> [What you should do] For the data below, please report each line where the word "image" is found.

> [Extracted information]
▼
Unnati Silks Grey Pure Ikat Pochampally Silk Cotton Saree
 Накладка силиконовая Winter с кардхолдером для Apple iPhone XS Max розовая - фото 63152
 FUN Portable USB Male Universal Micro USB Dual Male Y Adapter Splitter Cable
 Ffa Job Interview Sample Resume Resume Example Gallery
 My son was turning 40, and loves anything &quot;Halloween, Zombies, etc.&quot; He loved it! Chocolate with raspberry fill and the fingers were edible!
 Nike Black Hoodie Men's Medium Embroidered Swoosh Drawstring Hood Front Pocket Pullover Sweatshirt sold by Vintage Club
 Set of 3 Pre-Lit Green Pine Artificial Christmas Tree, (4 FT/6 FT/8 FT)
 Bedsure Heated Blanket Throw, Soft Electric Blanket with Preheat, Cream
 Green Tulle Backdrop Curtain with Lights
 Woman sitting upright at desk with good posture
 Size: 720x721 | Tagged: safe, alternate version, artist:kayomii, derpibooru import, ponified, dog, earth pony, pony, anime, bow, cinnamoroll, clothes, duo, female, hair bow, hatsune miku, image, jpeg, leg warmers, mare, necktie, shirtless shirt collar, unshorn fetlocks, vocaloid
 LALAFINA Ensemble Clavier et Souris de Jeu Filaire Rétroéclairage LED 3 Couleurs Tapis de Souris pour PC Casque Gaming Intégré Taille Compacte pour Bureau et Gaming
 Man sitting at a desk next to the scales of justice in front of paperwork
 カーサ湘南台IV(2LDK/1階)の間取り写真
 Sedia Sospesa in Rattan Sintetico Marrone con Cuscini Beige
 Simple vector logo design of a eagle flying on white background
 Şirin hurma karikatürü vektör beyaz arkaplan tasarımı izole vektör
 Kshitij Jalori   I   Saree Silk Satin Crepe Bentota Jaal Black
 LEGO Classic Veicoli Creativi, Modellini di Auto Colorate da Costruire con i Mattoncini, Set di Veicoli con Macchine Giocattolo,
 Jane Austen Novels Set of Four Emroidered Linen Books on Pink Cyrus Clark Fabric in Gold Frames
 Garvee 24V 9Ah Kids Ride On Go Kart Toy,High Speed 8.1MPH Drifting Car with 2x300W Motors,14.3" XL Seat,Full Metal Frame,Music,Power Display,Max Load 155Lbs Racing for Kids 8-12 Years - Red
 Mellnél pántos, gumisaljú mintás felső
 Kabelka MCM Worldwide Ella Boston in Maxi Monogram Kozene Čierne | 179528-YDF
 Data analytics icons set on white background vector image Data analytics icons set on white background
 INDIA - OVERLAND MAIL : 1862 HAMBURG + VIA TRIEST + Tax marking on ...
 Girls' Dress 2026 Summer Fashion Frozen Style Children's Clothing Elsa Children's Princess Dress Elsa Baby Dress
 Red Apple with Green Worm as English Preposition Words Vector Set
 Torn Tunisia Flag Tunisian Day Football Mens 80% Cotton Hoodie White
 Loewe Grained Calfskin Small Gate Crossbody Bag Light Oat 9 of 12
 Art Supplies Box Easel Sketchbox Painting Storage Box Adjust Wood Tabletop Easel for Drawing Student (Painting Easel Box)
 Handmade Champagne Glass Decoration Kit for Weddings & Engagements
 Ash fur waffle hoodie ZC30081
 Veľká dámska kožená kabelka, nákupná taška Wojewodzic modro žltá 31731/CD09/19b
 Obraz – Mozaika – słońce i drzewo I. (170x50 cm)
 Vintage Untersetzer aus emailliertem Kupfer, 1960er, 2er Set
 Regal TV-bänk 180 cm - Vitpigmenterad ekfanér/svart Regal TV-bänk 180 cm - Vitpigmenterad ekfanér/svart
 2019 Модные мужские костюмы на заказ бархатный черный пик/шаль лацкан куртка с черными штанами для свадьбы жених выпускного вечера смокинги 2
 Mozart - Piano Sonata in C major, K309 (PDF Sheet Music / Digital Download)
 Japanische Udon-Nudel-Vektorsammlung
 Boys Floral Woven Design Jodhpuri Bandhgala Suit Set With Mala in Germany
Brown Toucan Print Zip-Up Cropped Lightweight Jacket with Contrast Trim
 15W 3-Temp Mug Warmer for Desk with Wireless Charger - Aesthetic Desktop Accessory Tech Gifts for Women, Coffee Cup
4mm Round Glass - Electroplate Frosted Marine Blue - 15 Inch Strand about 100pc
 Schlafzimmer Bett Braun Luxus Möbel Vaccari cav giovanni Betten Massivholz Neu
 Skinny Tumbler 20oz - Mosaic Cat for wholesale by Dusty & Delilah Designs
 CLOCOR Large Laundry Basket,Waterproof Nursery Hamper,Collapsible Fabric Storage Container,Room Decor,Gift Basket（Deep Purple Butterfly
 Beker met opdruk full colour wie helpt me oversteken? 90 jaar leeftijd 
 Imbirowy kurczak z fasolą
▲
> [Task response]
 Size: 720x721 | Tagged: safe, alternate version, artist:kayomii, derpibooru import, ponified, dog, earth pony, pony, anime, bow, cinnamoroll, clothes, duo, female, hair bow, hatsune miku, image, jpeg, leg warmers, mare, necktie, shirtless shirt collar, unshorn fetlocks, vocaloid
 Data analytics icons set on white background vector image Data analytics icons set on white background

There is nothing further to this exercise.